Work task: What appears from the first line of the records below through the line containing "Use the fetch" must be reproduced verbatim.
Data in this exercise below:
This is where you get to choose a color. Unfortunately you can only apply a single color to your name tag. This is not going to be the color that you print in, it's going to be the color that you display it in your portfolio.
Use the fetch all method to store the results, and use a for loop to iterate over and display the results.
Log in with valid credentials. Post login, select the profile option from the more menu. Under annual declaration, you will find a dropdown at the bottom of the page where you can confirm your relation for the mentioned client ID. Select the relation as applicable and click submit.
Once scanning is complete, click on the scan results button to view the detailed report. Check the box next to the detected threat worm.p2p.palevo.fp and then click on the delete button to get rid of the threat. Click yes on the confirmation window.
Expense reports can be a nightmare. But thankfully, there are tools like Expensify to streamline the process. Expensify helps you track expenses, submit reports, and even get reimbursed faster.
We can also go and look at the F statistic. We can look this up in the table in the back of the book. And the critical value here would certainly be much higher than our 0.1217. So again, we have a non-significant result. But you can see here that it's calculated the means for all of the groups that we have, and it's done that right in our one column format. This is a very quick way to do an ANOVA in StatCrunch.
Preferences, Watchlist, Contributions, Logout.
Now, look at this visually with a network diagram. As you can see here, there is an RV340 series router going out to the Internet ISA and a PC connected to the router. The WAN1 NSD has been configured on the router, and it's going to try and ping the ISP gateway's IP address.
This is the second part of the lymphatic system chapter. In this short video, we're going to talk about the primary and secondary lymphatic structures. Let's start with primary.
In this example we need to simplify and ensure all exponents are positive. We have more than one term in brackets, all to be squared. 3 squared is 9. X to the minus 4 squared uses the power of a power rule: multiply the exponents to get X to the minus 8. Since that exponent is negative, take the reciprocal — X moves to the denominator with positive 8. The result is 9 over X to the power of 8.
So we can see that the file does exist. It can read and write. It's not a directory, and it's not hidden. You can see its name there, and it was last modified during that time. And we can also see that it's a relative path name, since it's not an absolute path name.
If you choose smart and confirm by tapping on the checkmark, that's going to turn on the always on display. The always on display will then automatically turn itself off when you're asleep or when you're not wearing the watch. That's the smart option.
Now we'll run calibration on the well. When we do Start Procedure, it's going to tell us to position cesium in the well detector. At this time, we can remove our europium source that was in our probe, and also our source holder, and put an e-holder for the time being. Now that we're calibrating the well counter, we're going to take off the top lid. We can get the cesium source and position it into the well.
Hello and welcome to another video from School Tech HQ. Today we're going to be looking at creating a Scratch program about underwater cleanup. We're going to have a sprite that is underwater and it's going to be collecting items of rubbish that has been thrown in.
End of Data in this exercise.
Exercise result:
This is where you get to choose a color. Unfortunately you can only apply a single color to your name tag. This is not going to be the color that you print in, it's going to be the color that you display it in your portfolio.
Use the fetch all method to store the results, and use a for loop to iterate over and display the results.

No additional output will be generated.